Il y a aussi le risque croissant que le climat de la Terre entre dans une phase qualitativement différente. Une où les effets de retour positifs du stade actuel de réchauffement planétaire finissent par détacher le climat terrestre de l’activité industrielle humaine. Dans ces conditions, d’autres processus géophysiques comme la libération massive de méthane due à la fonte du permafrost menacent de réchauffer la planète bien plus que ne le peut la combustion d’énergies fossiles. Un tel scénario serait exponentiellement plus difficile à contenir pour les techniques scientifiques modernes.

Pour la classe capitaliste cependant, arrêter les cataclysmes menaçant la civilisation est bien moins important que de préserver ses profits. Comme c’est le cas depuis des décennies, ExxonMobil, BP et d’autres grandes sociétés de combustibles fossiles – et les fonds spéculatifs et banques de Wall Street qui détiennent leurs actions – s’inquiètent surtout de ce que charbon, pétrole et gaz continuent d’être exploités et vendus pour s’enrichir davantage, eux et leurs collègues oligarques. Si la Terre doit être empoisonnée et brûlée dans ce but, eh bien tant pis.

Un parallèle doit être établi avec la pandémie de coronavirus. Tout comme les politiciens et les médias du monde entier ont soit ignoré, soit activement cherché à stimuler une contagion mortelle pour protéger les profits des grandes entreprises, aboutissant à au moins 4,4 millions de morts, ils contribuent activement à la destruction de l’environnement. La nécessité objective d’augmenter le taux de profit conduit à l’exploitation accélérée des ressources mondiales et a mené directement aux désastres écologiques actuels (et futurs).

Les travailleurs et les jeunes doivent tirer les leçons de l’inaction soutenue qui a provoqué la crise actuelle.

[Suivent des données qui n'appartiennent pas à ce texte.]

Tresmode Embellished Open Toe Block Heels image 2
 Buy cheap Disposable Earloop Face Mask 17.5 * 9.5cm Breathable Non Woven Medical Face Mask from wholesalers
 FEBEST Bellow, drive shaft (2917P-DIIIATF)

La lutte pour arrêter le changement climatique – comme celle contre la pandémie et le danger de guerre – doit devenir politique. Elle nécessite la mobilisation révolutionnaire de la classe ouvrière internationale contre le capitalisme. Elle exige que les travailleurs comprennent que leurs intérêts sociaux sont objectivement et diamétralement opposés à ceux des capitalistes et de la propriété privée des moyens de production. Elle demande une lutte pour la transformation socialiste de la société.